TO DO:
The listing below is to be copied exactly, with pictures excluded.

═════ DATA SEGMENT

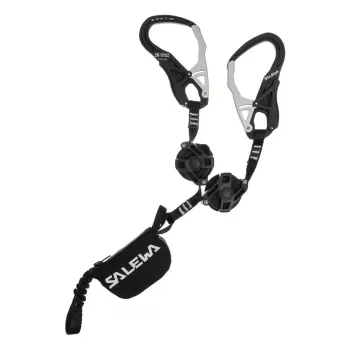 SALEWA Ergo Lanyard zip-black cordino retrattile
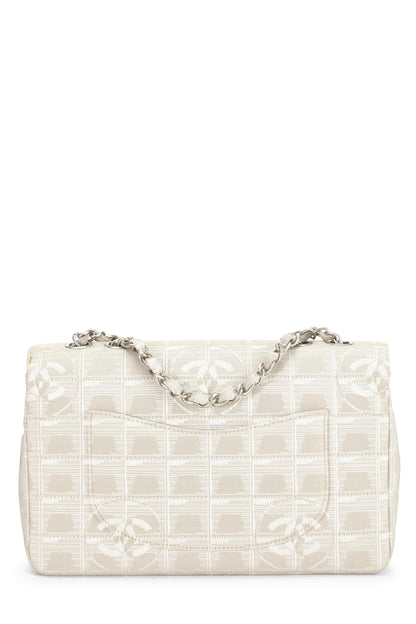 Chanel,  Beige Nylon Travel Line Half Flap Medium, Beige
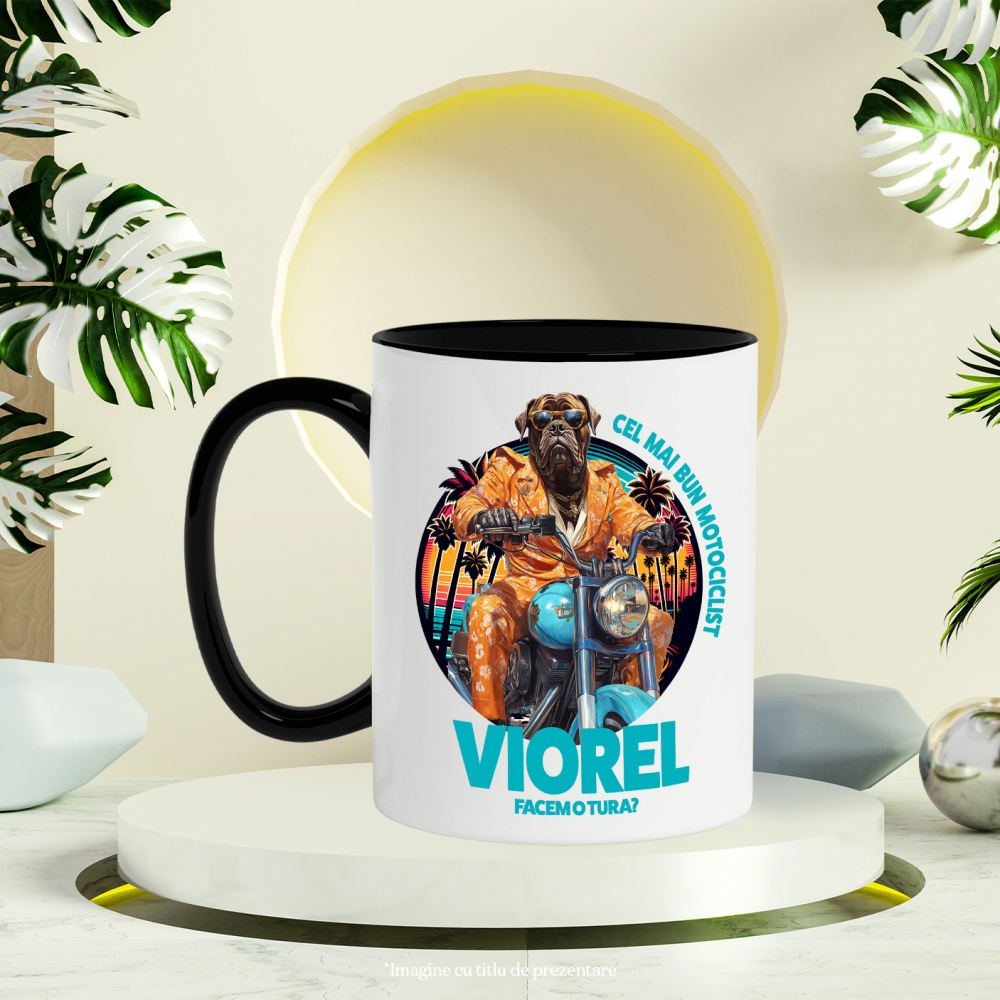 Cana cu Animal Pe Motocicleta, La Apus cu Palmieri, Peronalizata cu Numele si Poza Animalului Tau cu Maner Negru [6]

══════════

RESPONSE TO THIS EXERCISE:
 SALEWA Ergo Lanyard zip-black cordino retrattile
 Chanel,  Beige Nylon Travel Line Half Flap Medium, Beige
 Cana cu Animal Pe Motocicleta, La Apus cu Palmieri, Peronalizata cu Numele si Poza Animalului Tau cu Maner Negru [6]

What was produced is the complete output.